Yes using the correct type is the problem. I would like to do this without having to look into the Root file to determine the data type beforehand.

This is set up so that any variables that are of type float can be read, but errors occure when int variables are used ( see line : vector<Float_t> container ... ). Recall that inputs.variable_Names is a list of strings containing the name of the variables used.

I cannot attach the xml because it seems as though the cite wont accept the file format. If there is a better was please let me know.

Thank you again for your help

Hello,
I would read first the entries from the TTree then convert from integer to floats as below:

BDT_N::BDT_N( TString in_input_File ){
    set_initials( in_input_File );
    TMVA::Reader *reader = new TMVA::Reader( "!Color:!Silent" );

    vector<Float_t> container(inputs.variable_Names.size());

    TFile *input_MC(0);
    TFile *input_Target(0);
    TTree *MonteCarlo           = (TTree*)input_MC->Get(inputs.MC_Tree_Name);
    TTree *Target               = (TTree*)input_Target->Get(inputs.target_Tree_Name);

    Float_t MC_weight_Holder;
    Float_t MC_Reweight_Holder;
    Float_t Target_weight_Holder;
    Float_t event_Holder;

    n_MC_Events  = (Int_t)MonteCarlo->GetEntries();
    n_Target_Events  = (Int_t)Target->GetEntries();

    MonteCarlo     -> SetBranchAddress( "initialWeight", &MC_weight_Holder );
    Target         -> SetBranchAddress( "initialWeight", &Target_weight_Holder );

    // Define the input variables that were used for the MVA training
    int i = 0;
    while (i < inputs.variable_Names.size()){
        reader->AddVariable( inputs.variable_Names[i], &(container[i]) );
        i++;
    }
    //reader->BookMVA( "BDT method", BDT_weightFile  ); //methodName, weightfile
    reader->BookMVA( "BDTG method", BDT_weightFile  ); //methodName, weightfile

  // define here the variables to read from the TTree: 
 int truth_NgapJets25;
 ...
 MonteCarlo  -> SetBranchAddress("truth_NgapJets25", &truth_NgapJets25);
   //same here for other variables 
   ......

    double result;
    for(int i = 0; i < n_MC_Events; i++){

     //   for (int j = 0; j < inputs.variable_Names.size(); j++){
     //       MonteCarlo  -> SetBranchAddress(inputs.variable_Names[j], &(container[j]));
     //       MonteCarlo -> GetEvent(i);
     //   }
      MonteCarlo -> GetEntry(i);
      // fill here the container with your variables
     container[0] = float(truth_NgapJets25);
    .......

     // evaluate MVA 
     reasult = reader -> EvaluateMVA(container, "BDTG method); 

      //  result = reader -> EvaluateMVA( "BDTG method" ); // Do i want the
        MC_ReWeights_vec[i] =  ((1.0 + result) / (1.0 - result)) * MC_Weights_vec[i] ;
    }
}

This would require the knowledge that truth_NgapJets is an int before having run the code.I believe i have said, but I would like to do this without having to look into the Root file to determine the data type beforehand.
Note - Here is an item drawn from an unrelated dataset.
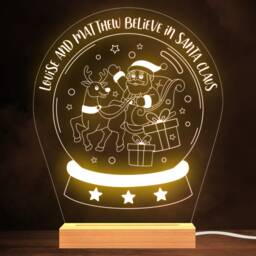 Christmas Snow Globe Sleigh Believe in Santa Claus Personalised Lamp Night Light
By "defining the variables to be read from the TTree, ie hard coding in the variable truth_NgapJets25, you assume that that variable MUST be in the Root file you provide the code. The Root file will not be the same file every time. I don’t want to have to go into the code and copy and paste the line “SetBranchAdress(…)” every single time i want to run the code on different data. I want it to do that dynamically, given only the name of the variable as input.

Thank you for your response and patience, I hope the problem i am trying to solve is clearer now?